Tuesday, November 11, 2003

Acausality in Newtonian Physics

Today I read an interesting philosophy of science paper by John Norton. I have some brief (and frankly not very interesting) comments on it in my reading blog. But I wanted to share what was to me a fascinatingly surprising example that Norton gave. Norton's thesis is that philosophers of science are mistaken to understand causality as fundamental to science. He introduces this example, in his own words:
While exotic theories like quantum mechanics and general relativity violate our common expectations of causation and determinism, one routinely assumes that ordinary Newtonian mechanics will violate these expectations only in extreme circumstances if at all. That is not so. Even quite simple Newtonian systems can harbor uncaused events and ones for which the theory cannot even supply probabilities. ... Here is an example of such a system fully in accord with Newtonian mechanics. It is a mass that remains at rest in a physical environment that is completely unchanging for an arbitrary amount of time—a day, a month, an eon. Then, without any external intervention or any change in the physical environment, the mass spontaneously moves off in an arbitrary direction, with the theory supplying no probabilities for the time or direction of the motion.

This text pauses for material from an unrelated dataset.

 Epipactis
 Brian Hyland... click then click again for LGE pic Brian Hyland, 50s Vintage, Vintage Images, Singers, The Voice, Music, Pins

If you're not excited and shocked by this point, then you're not me. Norton goes on to set up the system, in which a mass rests frictionlessly on top of a dome. He gives mathematical definitions of the dome and the force of gravity. He observes that Newton's first and second laws can be trivially solved for the mass' location at all times t, in r(t) = 0, the apex. But he also identifies a second solution class in which the mass starts moving in any radial direction after any arbitrary time T! Unfortunately, my calculus is too rusty to check the math, but I have every confidence that he's right. Again, I have nothing to say other than that I find this surprising and interesting. If you do too, check it out... he explains this system in detail in §3 of his paper, starting on page 8. There's a good diagram, too. The paper is available online as pdf or gif images of each page. If you understand the science (or the philosophy) better than I do, I'd appreciate enlightening.